Es kommt nicht darauf an, wie Du entstanden bist. Ich wollte, dass Du da bist. Und ich habe meine Wege.

Anna Mirjam Kaschner

Notizen Zum Credo 23

Die Wahrheit kann schmerzen. Sie kann einen Menschen aus der Bahn werfen und in eine Krise stürzen. Schwester Anna Mirijam Kaschner sprach in einem Interview von ihren leiblichen Eltern. Die leibliche Mutter war vergewaltigt worden und hatte das Kind nach der Geburt zur Adoption freigegeben. Lange Zeit wusste Anna Mirijam nichts von ihrer gewaltsamen Zeugnis. Im Interview spricht sie darüber, wie sie als junge Frau mit der Enthüllung umging: 


Ich bin von Kiel zurück ins Kloster gefahren. Ich war völlig durcheinander. Ich habe mit mir und mit Gott gerungen: Warum musste ich aus so einer Beziehung entstehen? Warum hatte ich nicht das Glück, wie die meisten anderen Menschen aus einer Liebesbeziehung heraus zu entstehen, sondern aus einem Akt der Gewalt? Was macht das mit mir? Wer bin ich eigentlich? Bin ich das Produkt eines Gewaltaktes? Kurz vor Weihnachten haben wir dann in der Vesper den Psalm 139 gebetet, in dem es heißt: "Deine Augen sahen, wie ich entstand." Da ist innerlich etwas in mir zusammengebrochen. Ich habe stundenlang in der Kirche gesessen und geheult. Ich habe Gott alles an den Kopf geworfen, sagte zu ihm: Du hast sogar noch dabei zugeschaut! Was soll das? Es war furchtbar.
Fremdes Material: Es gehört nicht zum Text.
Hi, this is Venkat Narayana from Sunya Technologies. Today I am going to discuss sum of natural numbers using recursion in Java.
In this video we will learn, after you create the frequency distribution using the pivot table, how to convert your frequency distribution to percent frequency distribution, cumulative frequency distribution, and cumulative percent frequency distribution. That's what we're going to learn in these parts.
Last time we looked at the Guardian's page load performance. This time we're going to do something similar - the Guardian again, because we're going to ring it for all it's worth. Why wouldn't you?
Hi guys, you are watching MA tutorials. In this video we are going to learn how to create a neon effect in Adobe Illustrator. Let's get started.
Jeder muss seine eigene Antwort auf die Zumutungen finden. Schwester Kaschner fand für sich diese Antwort, die tragend wurde:


 Wir hören am Ersten Weihnachtstag jedes Jahr den Prolog des Johannesevangeliums. In diesem Jahr habe ich den Text als eine Botschaft direkt an mich gehört: "Allen aber, die ihn aufnahmen, gab er die Macht, Kinder Gottes zu werden. Allen, die nicht aus dem Fleisch, nicht aus dem Willen des Mannes, sondern aus Gott geboren sind." Das ist für mich bis heute die schönste Bestätigung des Daseins. Ich habe die Botschaft gehört: Es kommt nicht darauf an, wie Du entstanden bist. Ich wollte, dass Du da bist. Und ich habe meine Wege.
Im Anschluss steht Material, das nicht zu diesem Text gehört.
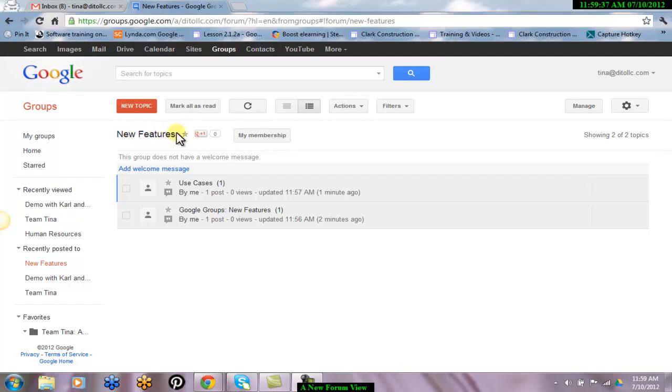With the group I recently created, here's a look at the new forum view. Group topic lists are now presented in a helpful forum view.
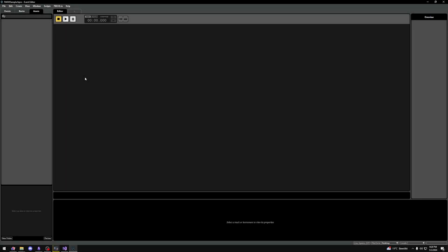Hello, in this video we'll cover assets and events within FMOD Studio. Let's start with assets.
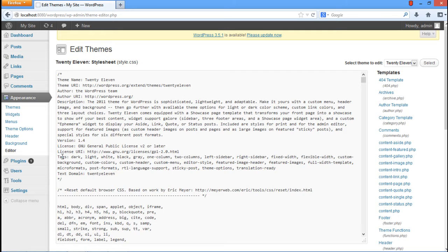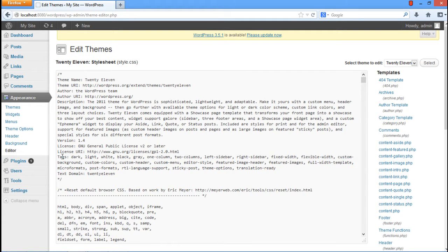After that, WordPress Editor will open up from where we can edit different WordPress configuration files. By default, the first file which appears is the style.css file which we have to edit.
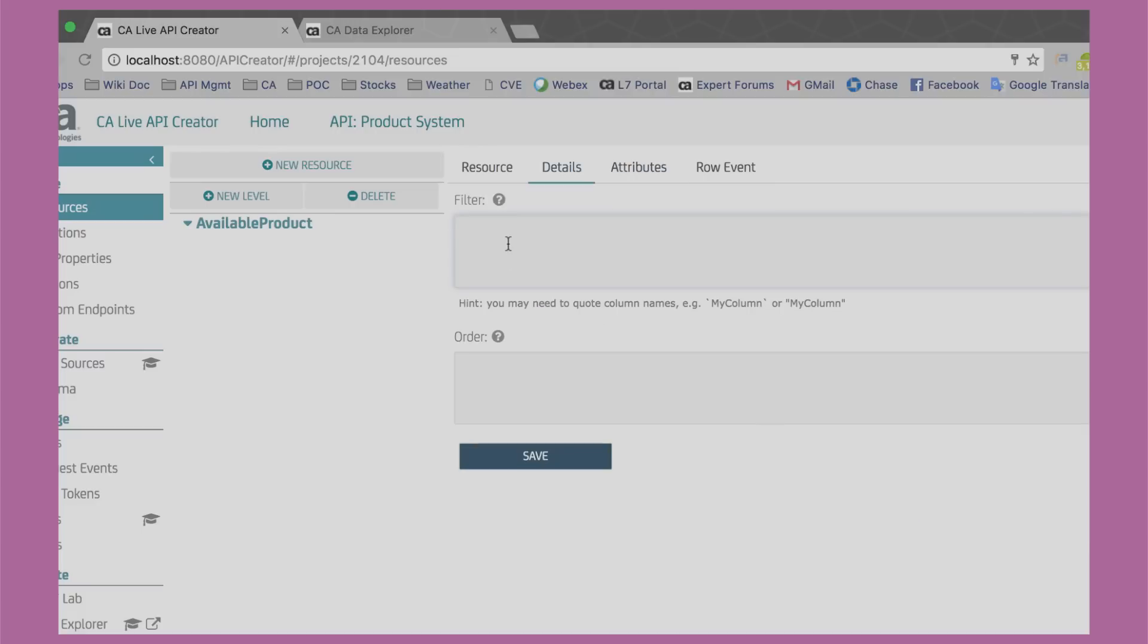Resources have filters. In this case, I only want to return products where total units in stock are greater than zero or ones that are allowed to be backordered.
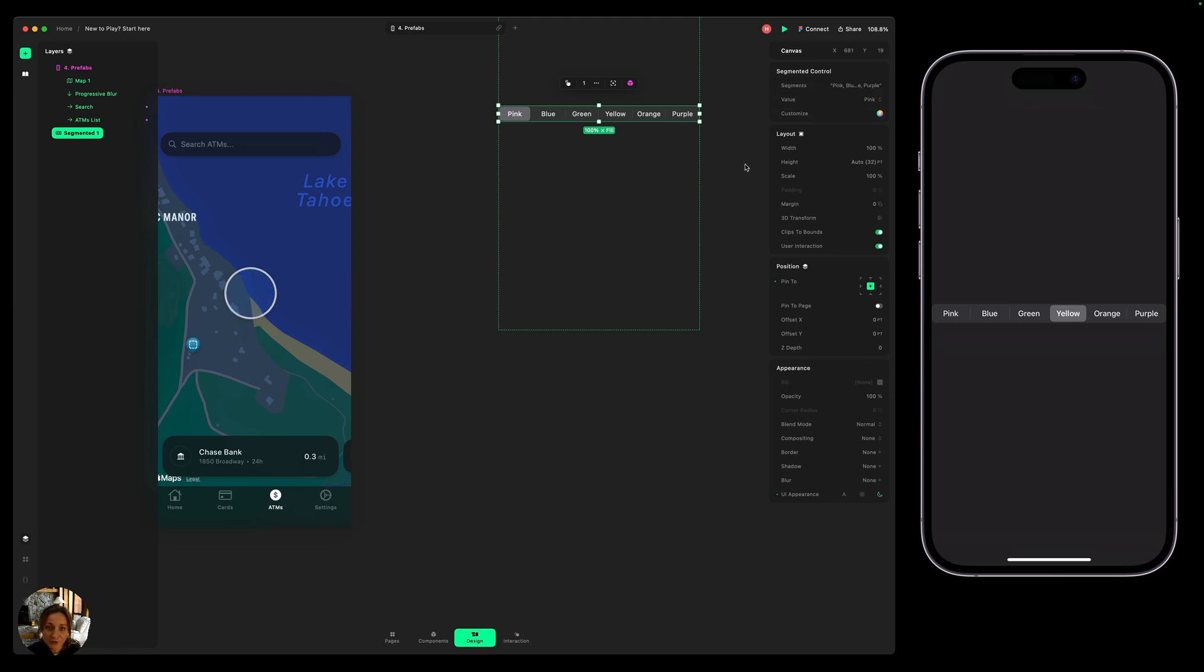And that's an overview of native elements in Play. Now that we've learned about designing both basic and native elements, as well as components, we can talk about prototyping your designs with interaction. So we'll do that in the next video. We'll see you there.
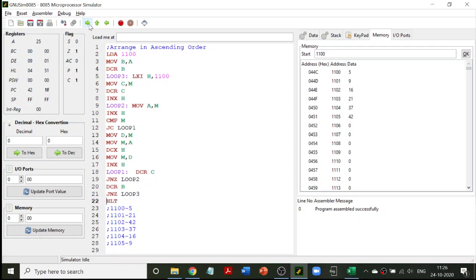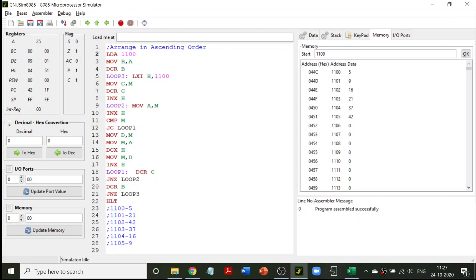Both inner and outer loops have completed execution and the program has halted. The same program can be converted into a descending order program. For ascending order (small to large) we used JC; if you change it to JNC (jump on no carry), the program becomes a descending order sort.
Heute ist Schwester Kaschner Generalsekretärin der Nordischen Bischofskonferenz 

Das katholische Ideal ist die Zeugung des Kindes in einer liebevollen Vereinigung von Mann und Frau. In der Realität gibt es viele Brüche und Verletzungen: am Beginn der Existenz und am Weg durch das Leben. Es gibt vielfältige Bemühungen um gelingende Beziehungen, aber wir bleiben unvollendete Entwürfe. 
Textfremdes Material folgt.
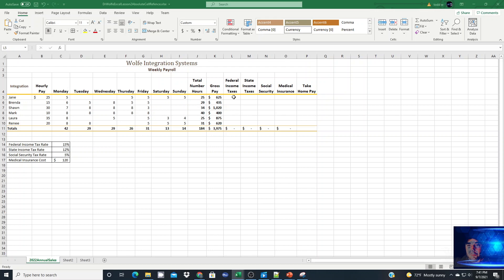As we showed before, creating an absolute cell reference allows us to easily drag and drop or copy formulas from one cell to an adjacent cell and have the constants stay the same.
Leben ist nicht perfekt. Und doch würden wir uns das manchmal wünschen. Was ist, wenn Träume zu Albträumen werden? Was ist, wenn das Familienglück nicht perfekt ist? Was ist, wenn Krankheiten und Unglück den Alltag verdunkeln. An einen geliebten Menschen zu denken heißt auch, an die zerbrochenen Träume denken. Weil Leben nicht perfekt ist. Und weil die Bruchstücke ihren eigenen Wert haben. Weil die Träume vom Wunderland nur im Kopf sind. Weil wir vom Leben gebrochen und doch stark sein können. Darum sollten wir nicht denen trauen, die uns vorgaukeln perfekt zu sein. Aus den zerbrochenen Teilen unserer unerfüllten Sehnsucht kann eine neue Stadt entstehen.  Auch aus den gebrochenen Biographien von Kindern und Jugendlichen, Auch aus ihren Grenzen und Krankheiten. 

In Filmen gibt es Verwicklungen und Krisen, aber am Ende ist alles gut. Das Leben ist anders. 

Vielleicht kommt man dem tieferen Sinn des Ideals näher, wenn man schlicht von den Kindern ausgeht. Kinder brauchen verlässliche Begleitung und Zuwendung am Weg in dieses Leben. Nicht immer müssen das die leiblichen Eltern bieten. Manchmal brauchen sie Unterstützung. Manchmal treten sie in den Hintergrund. Manchmal kann es hilfreich sein, Eltern das Kind zu entziehen, um Schaden vom Kind abzuwenden oder weil die leiblichen Eltern schlicht überfordert sind. Der Blick auf ein Ideal schadet auch da mehr als es hilft. 

Das katholische Sakrament beleuchtet ein Ideal. Selbst konservative bürgerliche Familien aber erreichen es nicht. Insofern sollte der Anspruch nicht sein, perfekt zu sein. Am Ende gibt es genau ein wichtiges Kriterium: die Liebe.  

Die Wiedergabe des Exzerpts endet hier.